--- Provided material ---
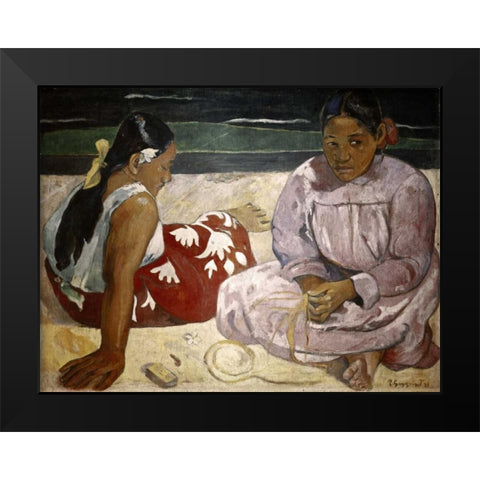 Tahitian Women - On The Beach Black Modern Wood Framed Art Print by Gauguin, Paul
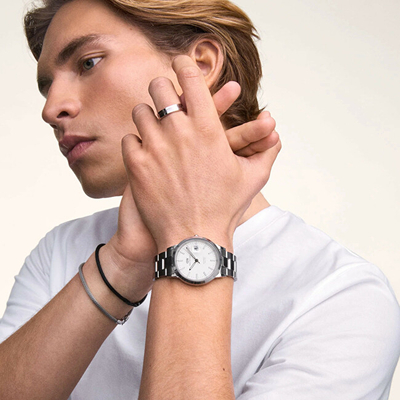 Orë burrash Daniel Wellington Iconic Automatic 40 Link DW00100754, e argjendtë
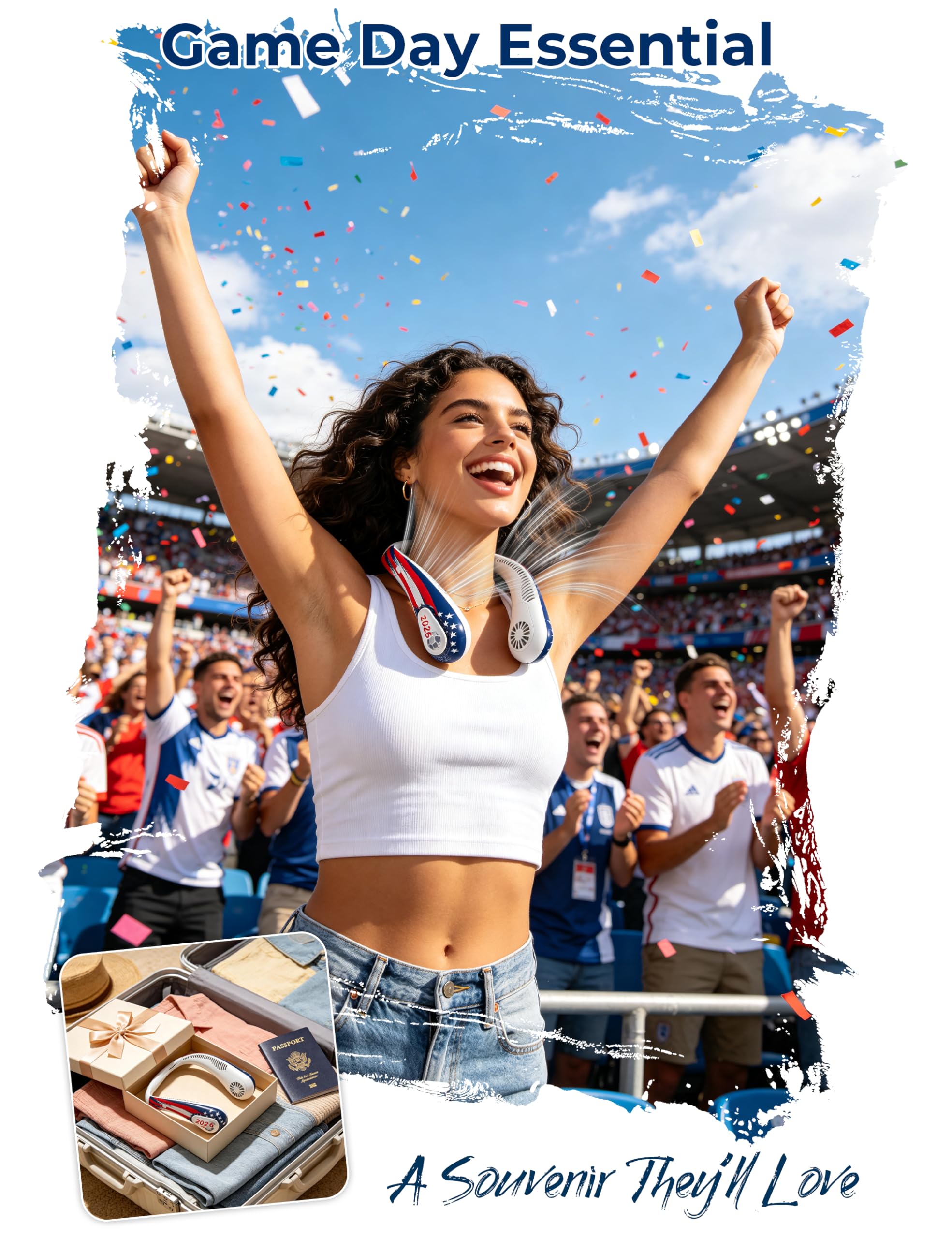 Tragbarer Flügelloser Halsventilator, 2026 Welt-Fußball-Sport-Cup-Geschenke, tragbarer Kühlventilator, wiederaufladbar für Outdoor-Sportarten und Reisen, Camping-Essentials für Männer, Vater, Souvenir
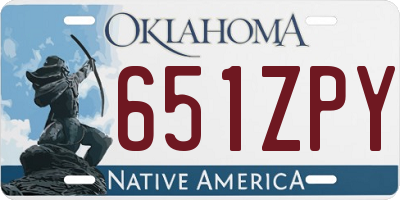 OK license plate 651ZPY
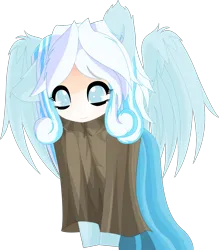 Size: 1750x2000 | Tagged: safe, artist:an-m, derpibooru import, oc, oc:snowdrop, unofficial characters only, human, cloak, clothes, ear fluff, eared humanization, female, humanized, image, one ear down, png, simple background, smiling, solo, transparent background, winged humanization, wings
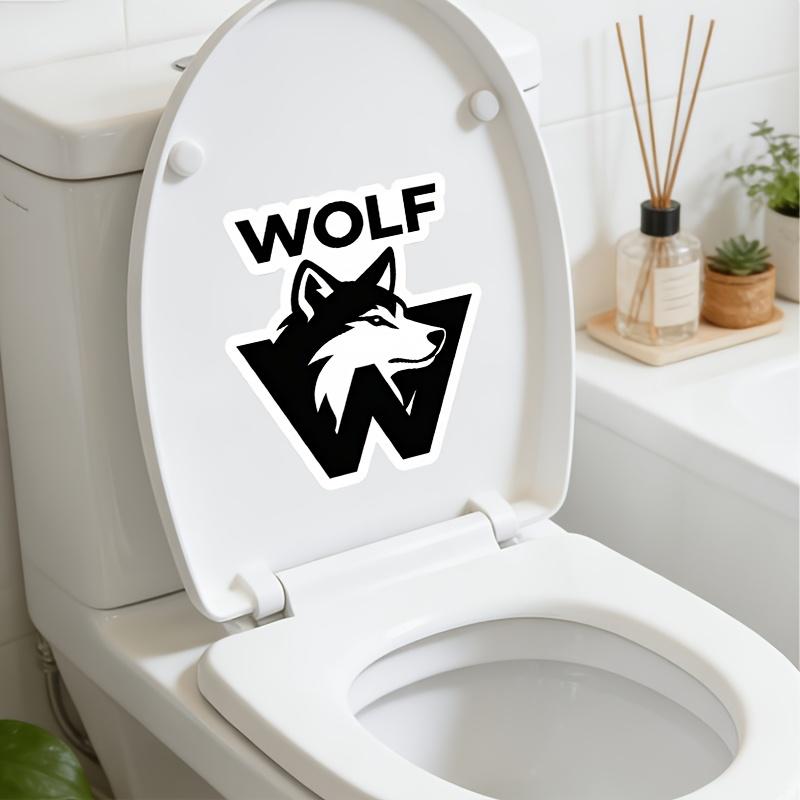 2pcs  Window Sticker, Self-Adhesive Glass Decal, Home Decor Wall Sticker, Wolf Head Logo, Black and White Minimalist Style, Static Cling,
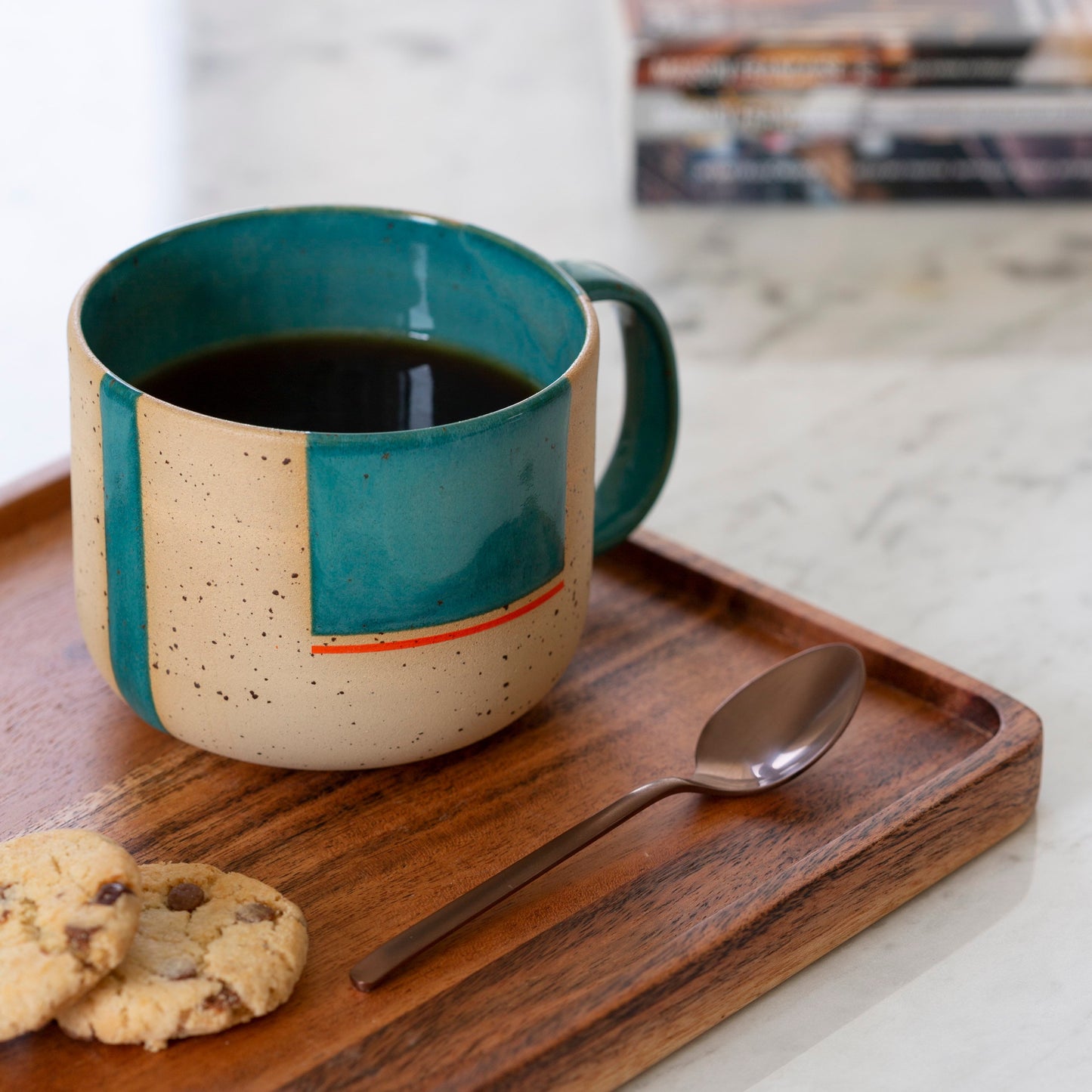 Large Wheel Thrown Green Stoneware Mug - Handmade Tea Cup with Unique Design, Perfect for Coffee or Tea, Ideal Gift for Rustic Kitchen Decor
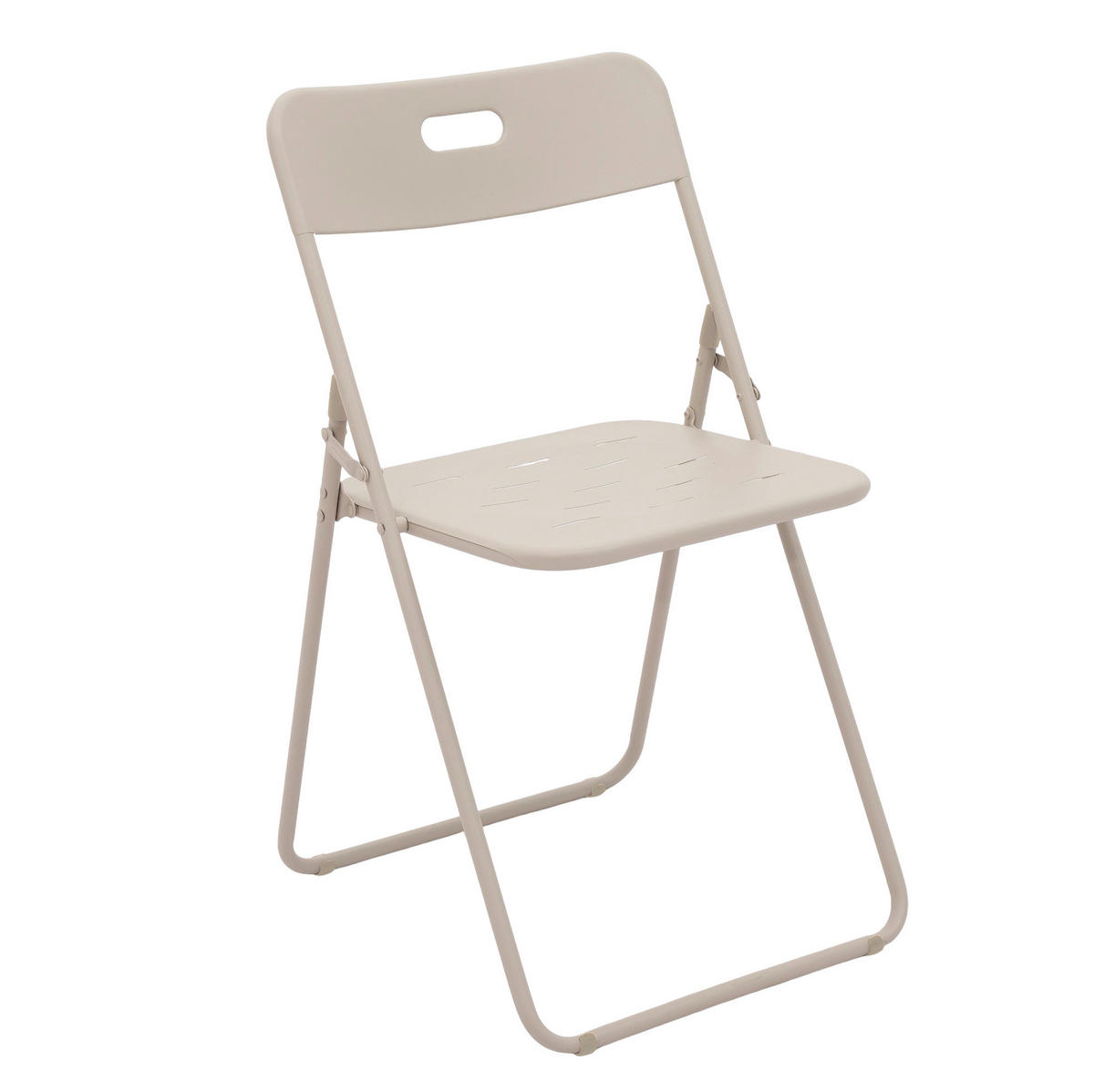 GARTENSET aus Stahl Tisch 60x60x73 cm, Stühle 45x43x76 cm Beige klappbar, pflegeleicht für 2 Personen - Beige, Metall - Modfu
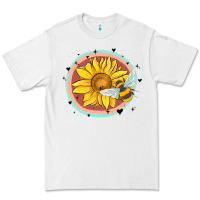 White bee and sunflower Premium Tee - MaliasSmallBusiness
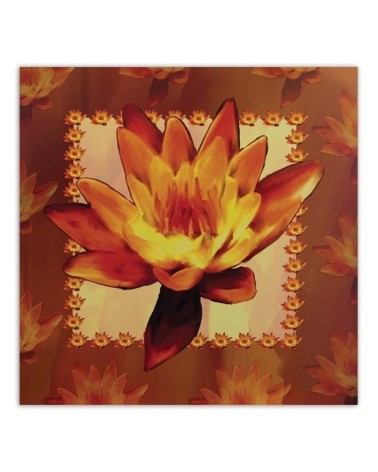 Modernes Wandbild - Seerose auf orangefarbenem Hintergrund | Feeby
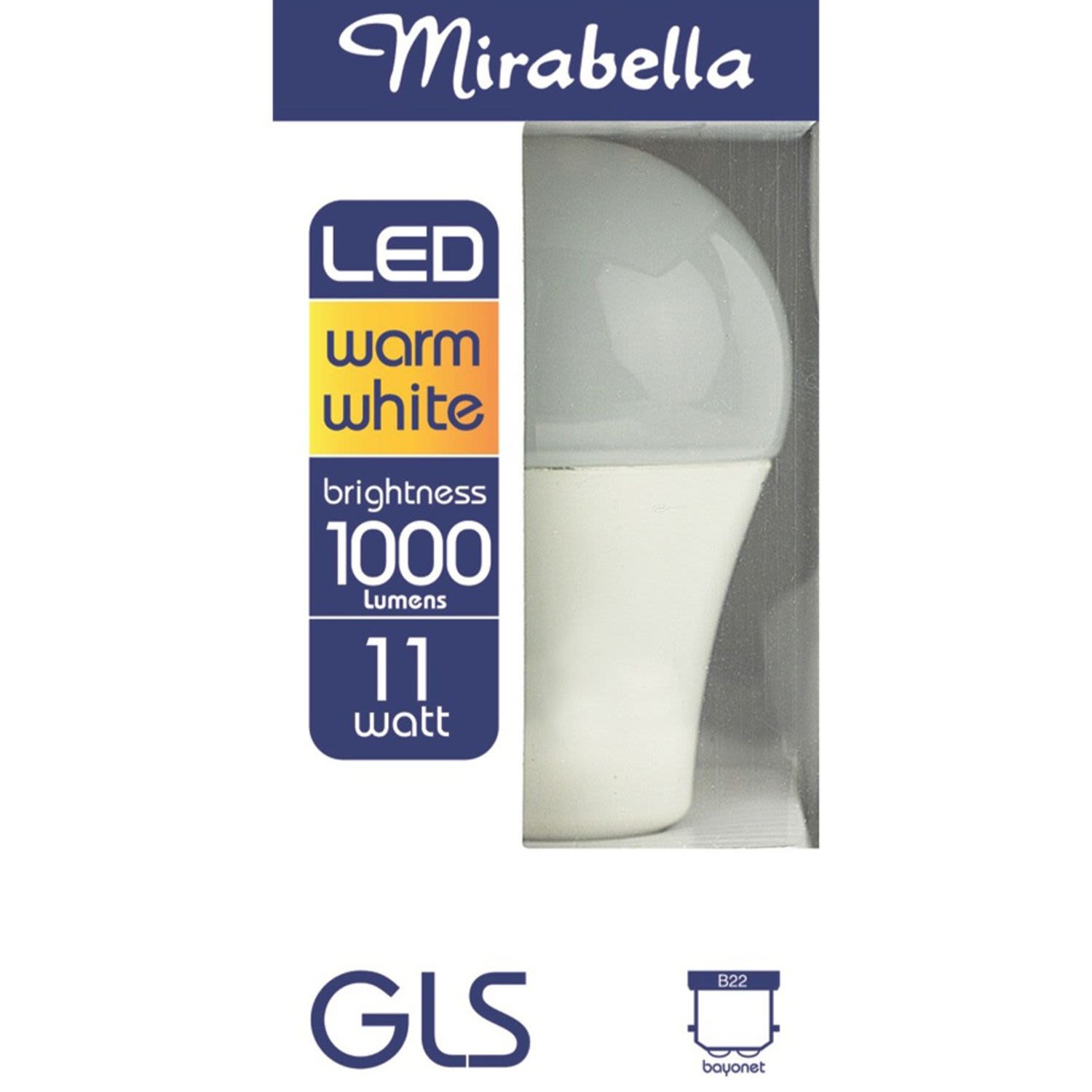 Mirabella LED 11W Warm White GLS Bayonet Cap, 1 Each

--- Task item ---
Only the lines above from the one containing "GARTENSET aus Stahl" through the one containing "Modernes Wandbild - Seerose" should be returned, verbatim and inclusive, with pictures excluded.

--- Answer for the task ---
 GARTENSET aus Stahl Tisch 60x60x73 cm, Stühle 45x43x76 cm Beige klappbar, pflegeleicht für 2 Personen - Beige, Metall - Modfu
 White bee and sunflower Premium Tee - MaliasSmallBusiness
 Modernes Wandbild - Seerose auf orangefarbenem Hintergrund | Feeby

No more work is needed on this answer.